Referring to the reference value (derived from T-Scan 5 measurements) of 220.1 mm, the resulting difference amounts to a deviation of 0.1 mm for s-TLS and −0.4 mm for k-TLS (Figure 17) as a parameter for the precision.

5.2. Cloud to Cloud Comparison Using the M3C2-Algorithm

In addition to the analysis of geometrical parameters, a direct point cloud to point cloud analysis based on the M3C2- algorithm described in [31] was performed for the comparison of s-TLS to T-Scan 5, k-TLS to T-Scan 5 and s-TLS to k-TLS. This process was carried out for all reference geometries. The results for the comparison of s-TLS and k-TLS to T-Scan 5 for the cylinder, the curved surface and the cuboids are shown in this section. In this case the comparison is based on the same data used for the comparison of the geometrical parameters shown in Section 5.1.

The cloud to cloud comparison of the cylinder for T-Scan 5 and s-TLS (Figure 18, top) shows approximately a normal distribution with a bias of −0.3 mm with 95% of the differences in a range of ±1.5 mm.

Although the comparison of the cylinders diameter amounts to a deviation of −0.4 mm for k-TLS the M3C2- algorithm provides an accuracy of −6 mm and +6 mm at the opposite edges of the cylinder (Figure 18, bottom). This indicates an error in the referencing of the measurement pillar caused by an incorrect synchronization or calibration of the MSS. Errors in calibration/synchronization of the MSS leads to an incorrect allocation of scan profiles and position data supplied by laser tracker and T-Probe, resulting in a shift of the geometries position along the trajectory of the MSS.

Figure 19 (top) shows the point cloud to point cloud difference of the curved surface between the k-TLS-based MSS and the reference measurements with the Leica T-Scan 5. The histogram of the differences (Figure 19, top right) shows a range of −2 mm to +2 mm with a bias of approximately 0.3 mm. Around 90% of the differences are less than 1 mm. The maximum differences with up to +2 mm are shown in the upper and lower range of the reference geometry. The mean range is characterized by a homogeneous distribution of the differences. A clear systematic distribution of the differences with respect to the different angles of incidence for the range from about 30 gon to about 100 gon can’t be determined.

Figure 19 (bottom) shows the point cloud to point cloud difference for the cuboids between the k-TLS-based MSS and the reference measurements with the Leica T-Scan 5. The histogram shows a concentration in the range of −1.2 mm to +0.6 mm and a slightly left-leaning distribution. Approximately 94% of the differences are less than 1 mm (Figure 19, bottom right). At the horizontal edges of the cuboids the differences grow to +2.0 mm, due to the flat angle of incidence, as well as the laser spot size and the associated “mixed pixel” characteristics at the edges of the cuboids. The metallic cuboids show isolated data gaps, which results from adverse reflections. The bottom cuboid of wood, shows differences with a magnitude of 3 mm. Due to its edge length of 5 mm, this cuboid can’t be reliably detected.

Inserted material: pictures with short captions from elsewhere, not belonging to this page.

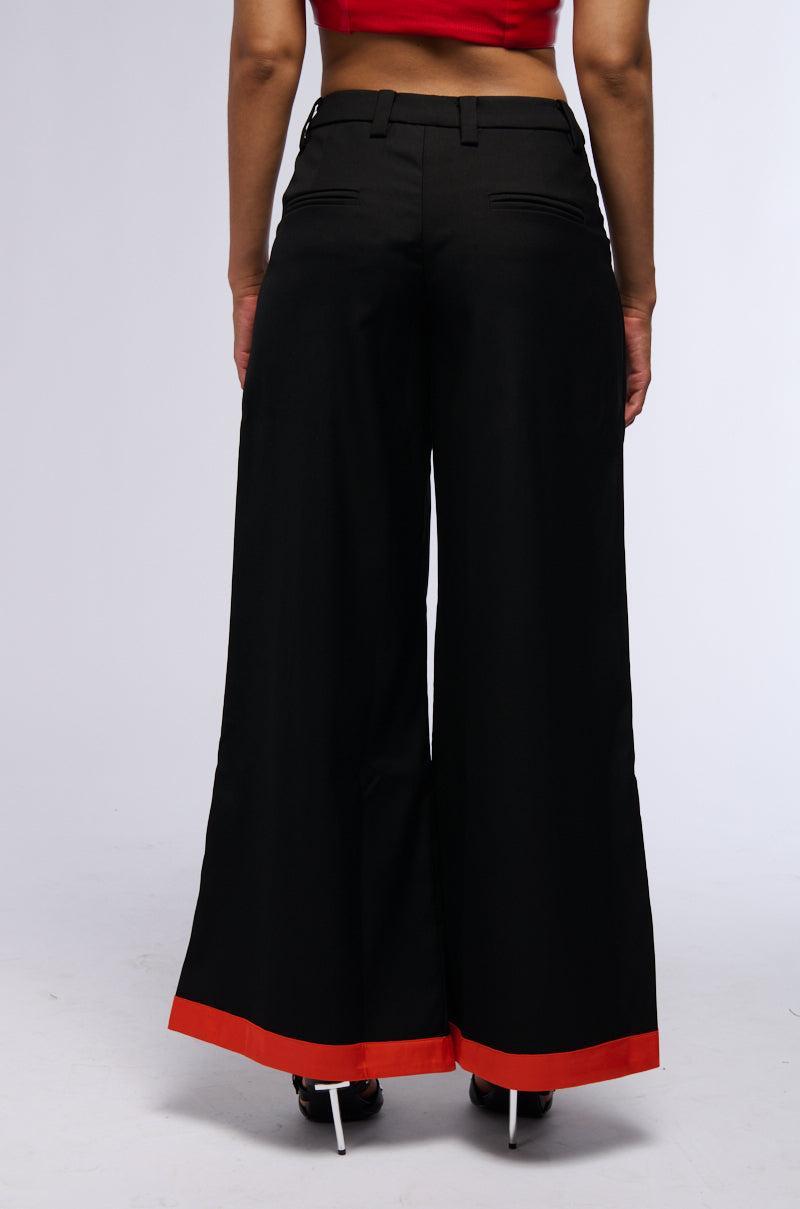 TONIGHT WE DANCE TROUSER IN BLACK RED Product Image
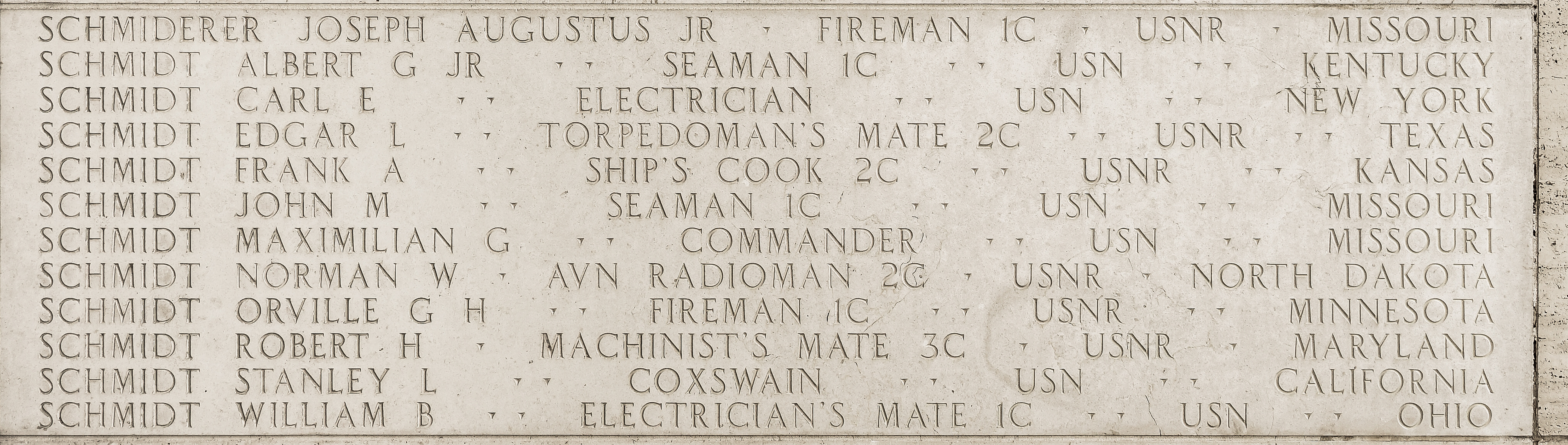 Edgar L. Schmidt, Torpedoman's Mate Second Class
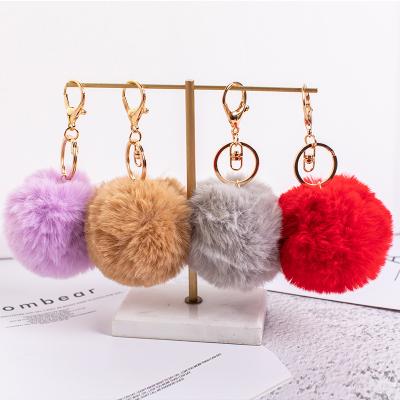 China Fashional Souvenir Gifts Wholesale 8cm Assorted Color Pompom Keychains Faux Rabbit Fur Key Chain Round Puff Ball Key Chain For Ladies for sale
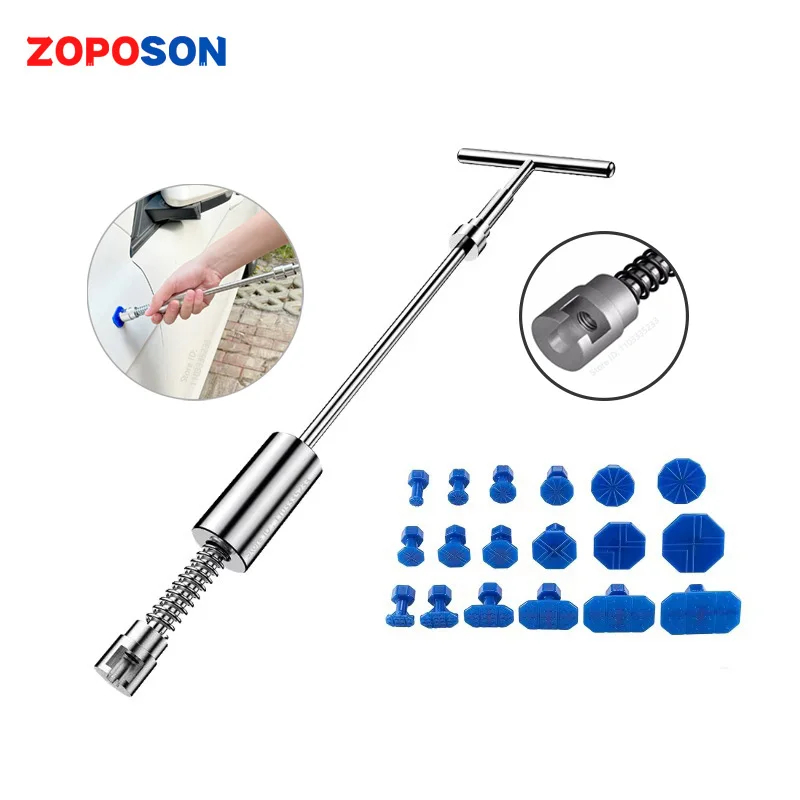 Car Dent Repair Kit, Zoposon Erhalten Sie professionelle Ergebnisse mit unserem Metall-T-Griff-Abzieher und Kunststoff-Klebelaschen! (Ohne Klebepistole) Image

6. Conclusions and Outlook

A complete framework for the quality analysis of geodetic sensors and MSS was discussed and presented in a general form and exemplarily. This framework, consisting of a laboratory, calibrated targets, a reference frame and geometries is the required infrastructure and key point for the backward modelling of quality measures and parameters. It should be adoptable for nearly all kinds of (geodetic) sensors. For two specific scenarios, s-TLS and k-TLS first results, determining accuracy and precision, are presented. To perform a backward modelling, additional evaluations based on the sampled data have to be implemented. That means no further data has to be collected. To examine and identify effects of the mentioned influencing factors the described evaluations have to be supplemented by additional approaches with varying distances and angles of incidence. One, if not the most crucial, role for a MSS is the sensor integration, where the temporal and spatial referencing of the sensors involved is to be determined with the utmost care in order to keep possible effects from remaining calibration deviations as low as possible. First results show that the presented framework is suitable to detect uncertainties and deviations in the calibration and synchronization of the MSS.